A cell phone vibrating on the table is how Dr. Horenstein described the heartbeat of our unborn child. These words echoed in my soul as we drove to the Heart and Vascular Unit of Memorial Hospital. We were embarking on a journey which would surely leave a mark of grace in its midst.
My husband and I moved from Birmingham, Alabama to inner-city Houston in March of 2009, following the urgent call to be on mission for the sake of the gospel. Shortly after this decision, it was clear we should pursue starting a family. Yet, twenty-five weeks into our first pregnancy, we found ourselves sitting in room 408 of the Intensive Critical Care Unit awaiting some semblance of hope from doctors while our parents, family, and friends were five hours away.
There were plenty of uncertainties with this pregnancy. Would our son make it out of the womb? If he did, would there be repercussions of his faulty heart for his entire life? How would we be able to handle the debt that would come soon after this experience? Could I let go of the control I thought I had, and be okay, whatever the outcome? Our dream of a family was slipping out of our control, yet we were overwhelmed with the authority and peace which satisfied our souls.
There was no doubt in my mind that the doctors, nurses, and care-takers were exactly those who God intended for our family.
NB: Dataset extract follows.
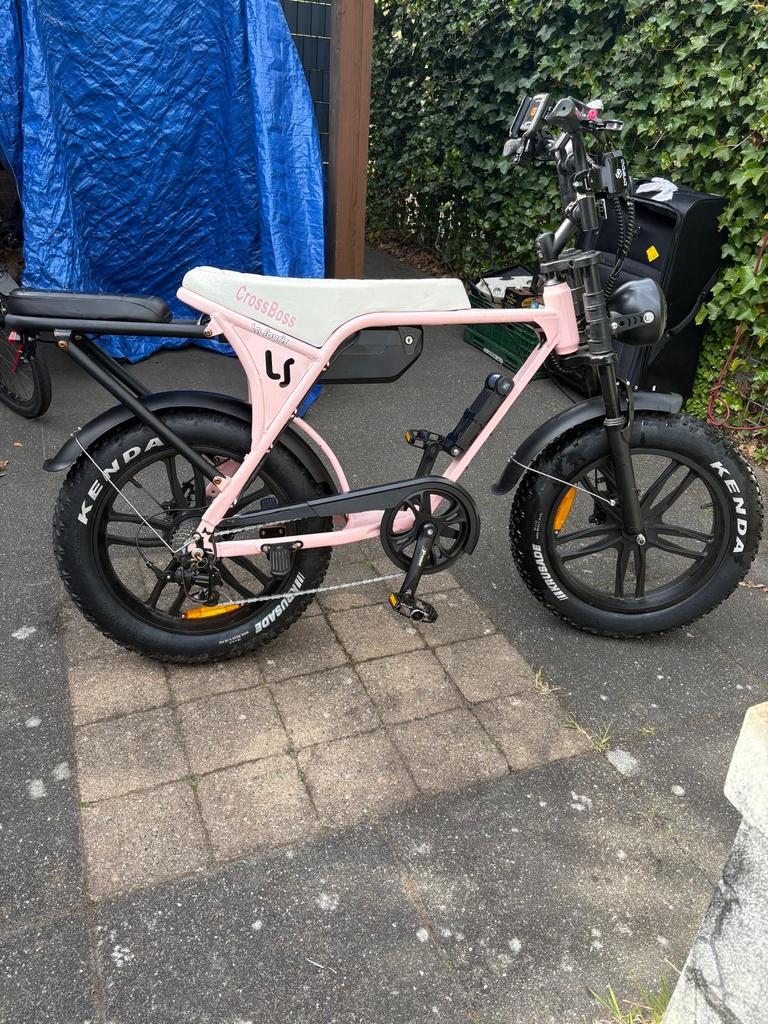 La Souris Roze Fatbike CrossBoss V8 2.0, Zo goed als nieuw, 47 tot 51 cm, 30 tot 50 km per accu, Ophalen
Our doctors were among those who were not accepting new patients, ranked top in the nation, and worked only with pregnant cancer patients. They were all looking at us with their hands in the air and no definite answers. You see, our little guy was experiencing heart failure from an irregular heartbeat, and there was fluid around his heart, abdomen, and lungs. Most babies with a heart rate in the 260′s (normal heart rates for babies in the womb is in the 130-140 range) are lethargic in the womb. Not our little warrior. They would push, poke, and prod him during an echocardiogram, and he would always punch back. It was obvious to us, as well as his doctors, that his heart was robust and extremely eager for the journey ahead of him.
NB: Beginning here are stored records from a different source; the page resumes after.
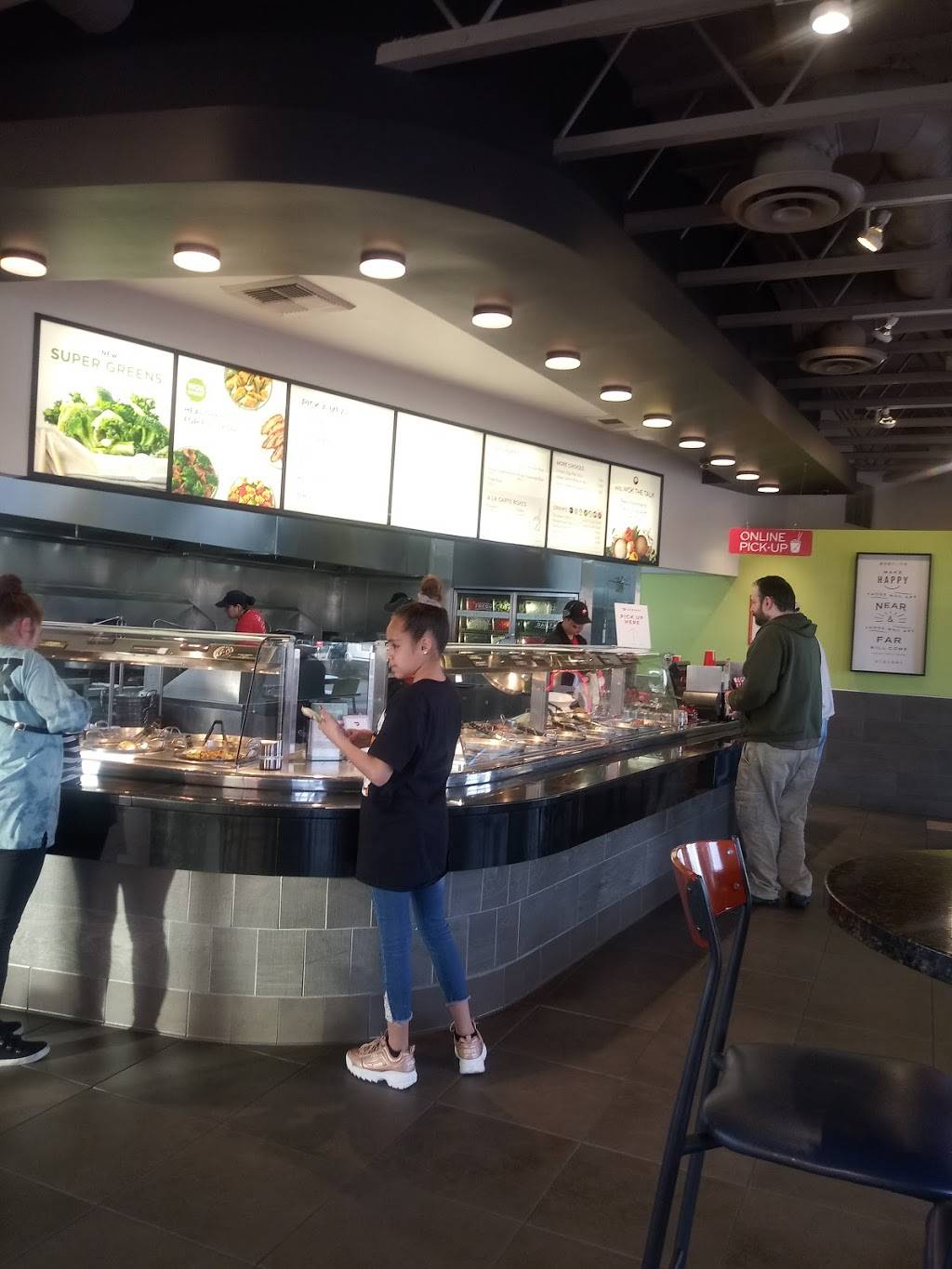 Panda Express | meal takeaway | 19201 Bear Valley Rd, Apple Valley, CA 92308, USA | 7602402732 OR +1 760-240-2732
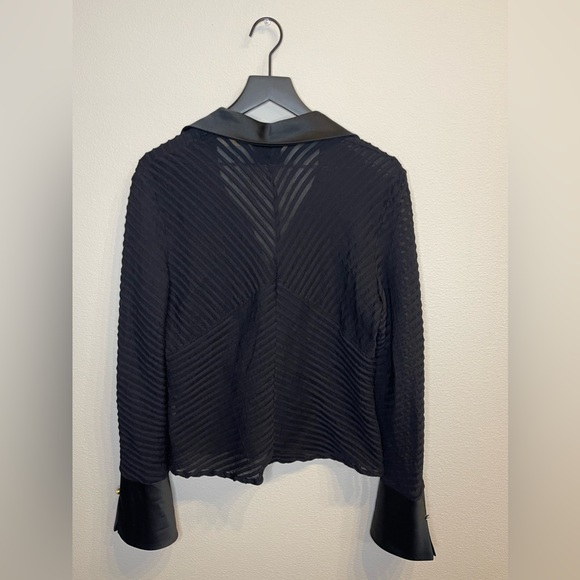 JS Collections Black Top - Picture 4 of 6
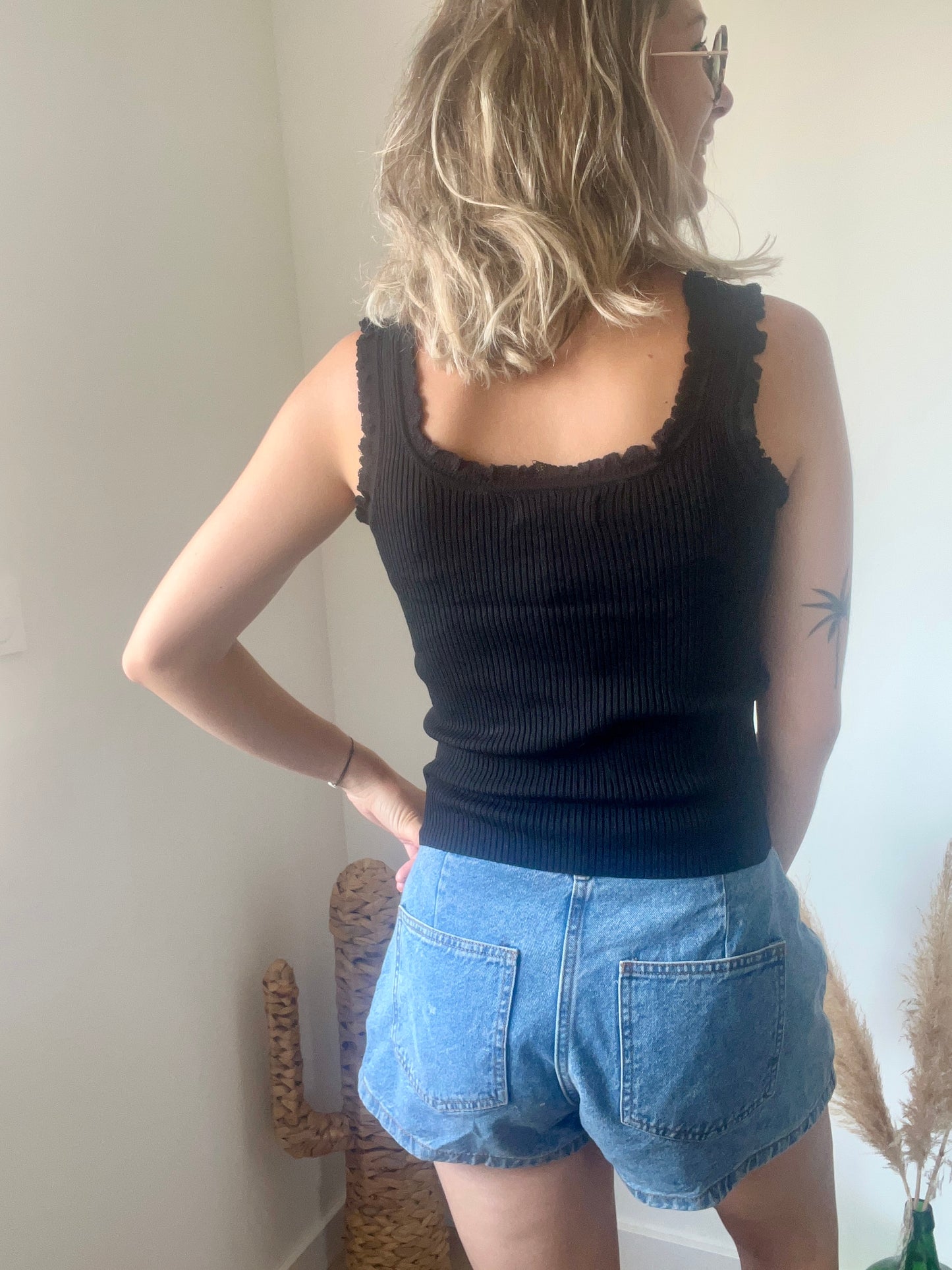 Debardeur femme noir ete en maille taille unique du 36 au 42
We spent two weeks in the CCU and two months in the NICU. Although there was apprehension, I knew God was sovereign in His plan for this time and this way. There was certainty in my spirit that we would see the birth of our son.
On May 5, 2011 Jackson Boone Belgard was born two months early with a faulty heart, underdeveloped lungs, and a warrior’s fighting spirit. His heart was beating “like a vibrating cell phone” and of course to his own rhythm. With his condition, he was perplexing all who cared for him. We were certainly not out of the water yet, but he was born with his heart intact and without having immediate open heart surgery.
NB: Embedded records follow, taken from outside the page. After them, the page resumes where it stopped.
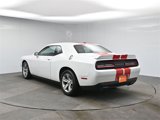 Used 2015 Dodge Challenger SXT image 3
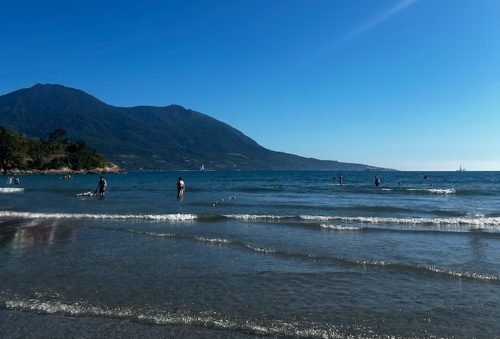 Praia de Barequeçaba_visao para Ilhabela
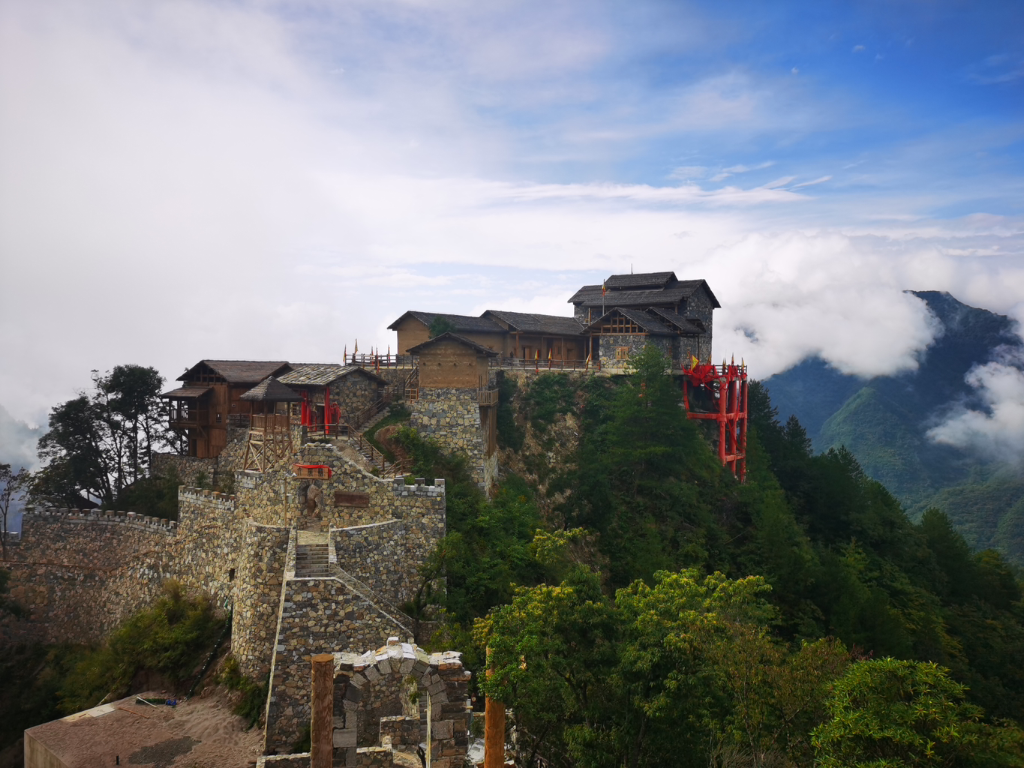 增强阿依河乡村旅游知名度 打造胡家湾苗寨建筑群和特色采摘园区图1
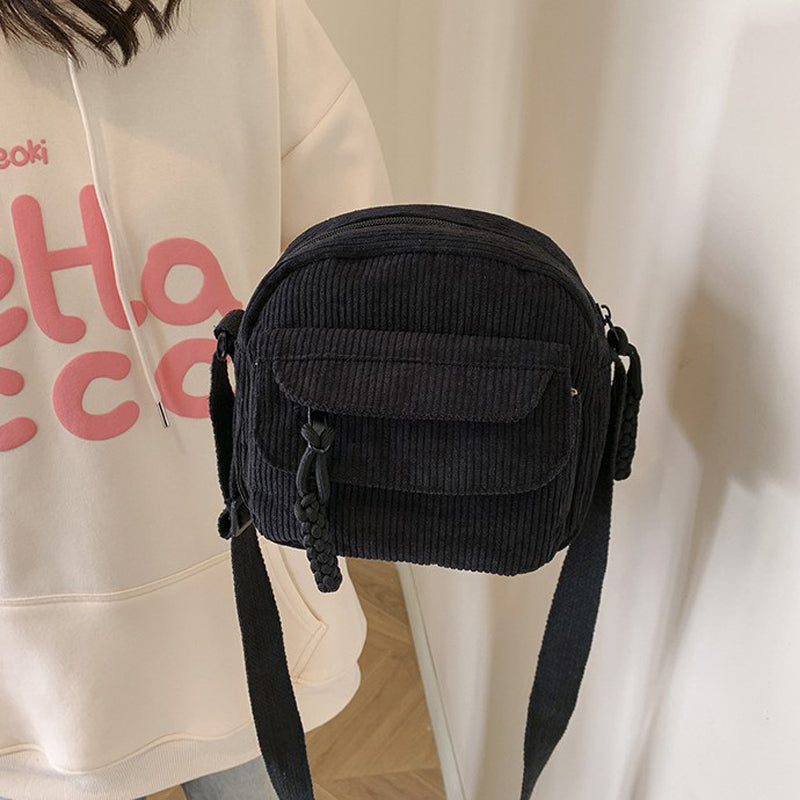 Compact and stylish small crossbody bag for the fashion-conscious woman.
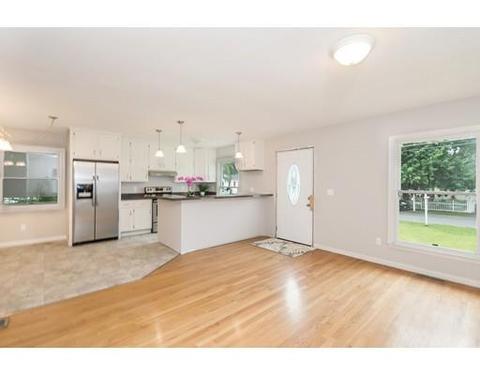 259 Gresham St, Springfield, MA 01119 photo 2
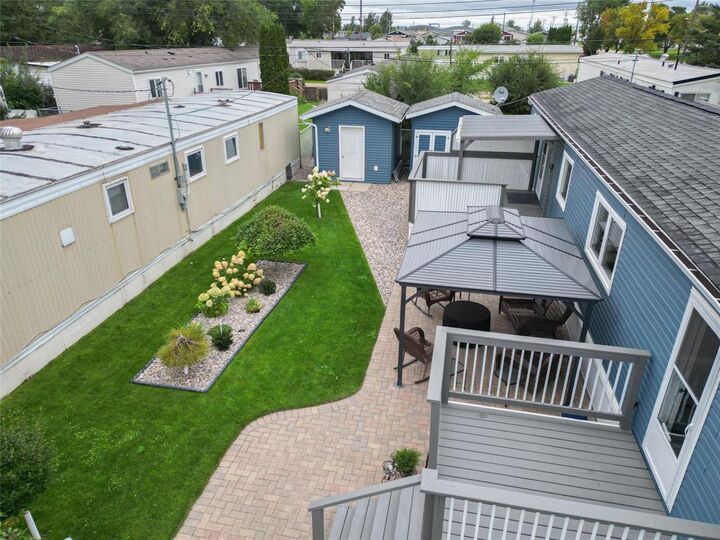Property Photo: 502 Centre Avenue MB R7C 0A4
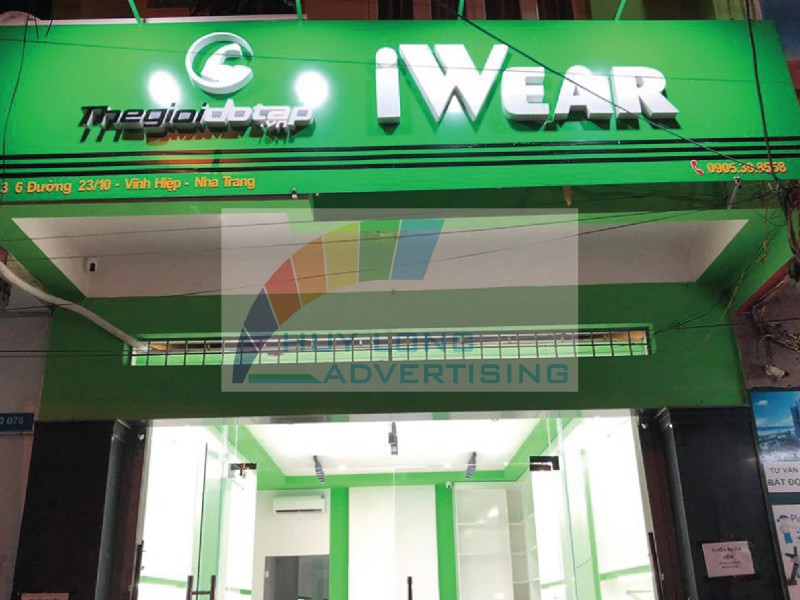 THIẾT KẾ THI CÔNG SHOP THỜI TRANG THỂ THAO IWEAR NHA TRANG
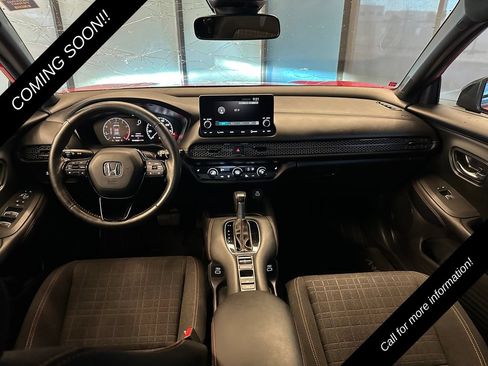 Used 2023 Honda HR-V Sport image 9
Since I experienced complications from the emergency C-section, I was unconscious at his birth; therefore, twenty-four hours later I was finally able to hold our Jackson “gracious” Boone “gift”. When settling on his name, we were unaware that it meant “gracious gift”. We were humbly reminded three days later, on Mother’s Day I might add, when his little heart converted on its own to a normal pace and rhythm. Those perplexed doctors stood at his crib in the NICU amazed in the story of conversion. We were able to gently remind them our God is in the business of converting His children’s hearts. His gracious gift was freely given in His time and in His way.
All scars tell a story.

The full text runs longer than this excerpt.